Plotting Multiple Variables at Once
Overview
To handle the visualization of many variables simultaneously, you can use advanced plotting techniques such as pair plots, correlation heatmaps, and parallel coordinates plots.
Using Pair Plots
Pair plots are effective for visualizing up to ten variables at once. They display the distribution of each variable and the relationships between each pair.
Above is a pair plot of LA home prices includes four variables, arranged in a grid of panels. Each panel provides insights into different aspects of the data.
Diagonal Panels
Panels along the diagonal show the distribution of variables. For categorical variables, like city, the distribution is displayed as a bar plot.
Continuous variables, such as number of beds, price, and area, are shown with histograms.
Off-Diagonal Panels
Panels off the diagonal reveal the relationships between pairs of variables. Continuous variable pairs are represented by scatter plots, showing their correlation. For instance, a scatter plot might show the relationship between the number of beds and area, with a correlation value indicated.
Categorical and Continuous Variables
When one variable is categorical and the other is continuous, the plot includes a box plot and a histogram. For example, the box plot shows prices by city, and the histogram represents the same data.
Correlation Heatmaps
Pair plots are useful for quickly exploring datasets. For datasets with many continuous variables, a correlation heatmap, a variant of the pair plot, offers a more compact and scalable alternative.
Correlation heatmaps display the relationships between continuous variables using color rather than numbers.
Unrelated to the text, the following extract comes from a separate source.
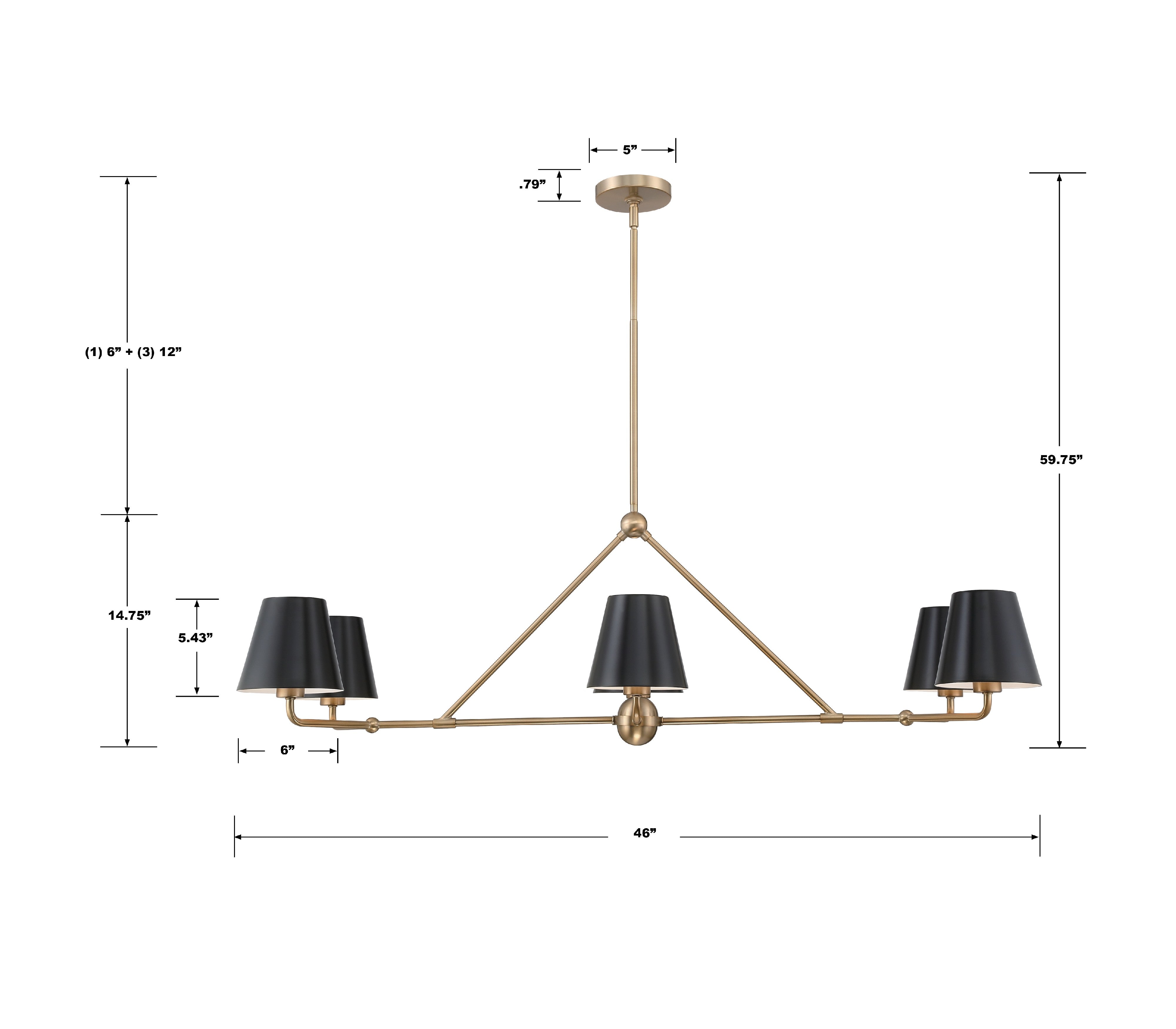 Crystorama Xavier XAV-B9306-VG – 46 Inch – 6 Light – Chandelier – Vibrant Gold – Damp Rated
They are useful for comparing a large number of variables.
Heatmap Example
In a customer satisfaction survey dataset, the correlation heatmap reveals strong relationships between various product features. Bright red areas indicate high correlation among price-related aspects.
Reference: Rossi, Allenby, and McCulloch (2005). Bayesian Statistics & Marketing
Parallel Coordinates Plots
For datasets with many continuous variables, parallel coordinates plots are effective for understanding relationships or grouping data into clusters.
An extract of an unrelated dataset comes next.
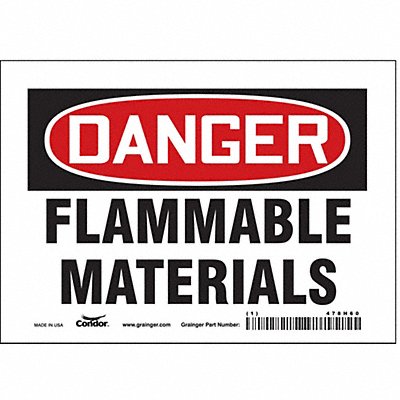 CONDOR 478H60 J6928 Safety Sign 5 inx7 in Vinyl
Above is a parallel coordinates plot shows multiple variables, including the human development index score, with each line representing a country. Variables are plotted along the x-axis, and the y-axis ranges from the lowest to the highest value for each variable. Splitting the data by continent can reveal patterns.
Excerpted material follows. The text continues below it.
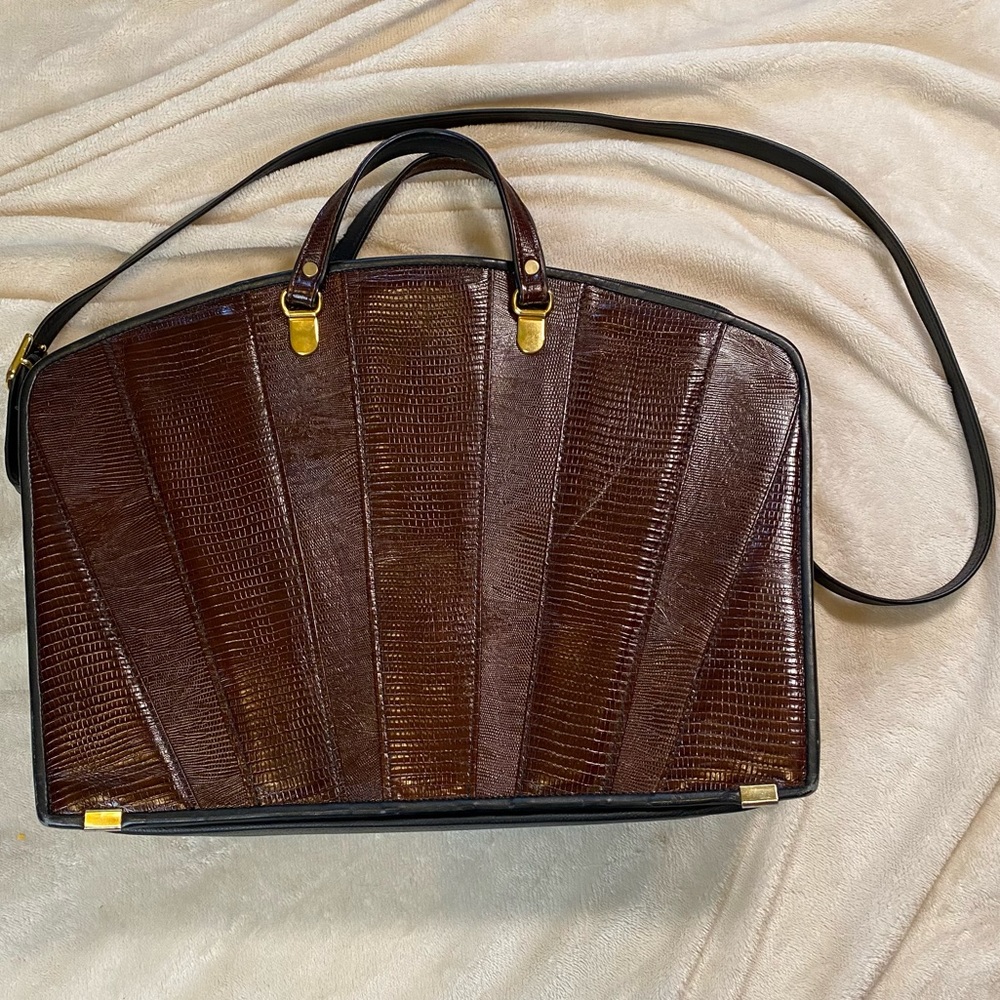 Brown and Black Leather Reptile laptop Briefcase tote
By segmenting the dataset by continent, distinct patterns emerge. For example, South American countries show consistent metrics, while European countries have high values across all metrics. African countries display low GNIs with a broad range in other metrics. This plot allows for easy comparison of many variables simultaneously.
Case Study: Fatty acid levels in olive oils
This dataset contains fatty acid levels from olive oil samples sourced from six different regions in Italy. Each line in the plot corresponds to a single oil sample. Because the region is a categorical variable, there are six parallel coordinates plots, with one plot for each region.
Reference: Graphics of large datasets
Observations:
- Sardinian oils have low elcosenoic acid and high linoleic acid levels.
- Calabrian oils show a wide range of elcosenoic and stearic acid levels.
- Northern oils have high oleic acid levels.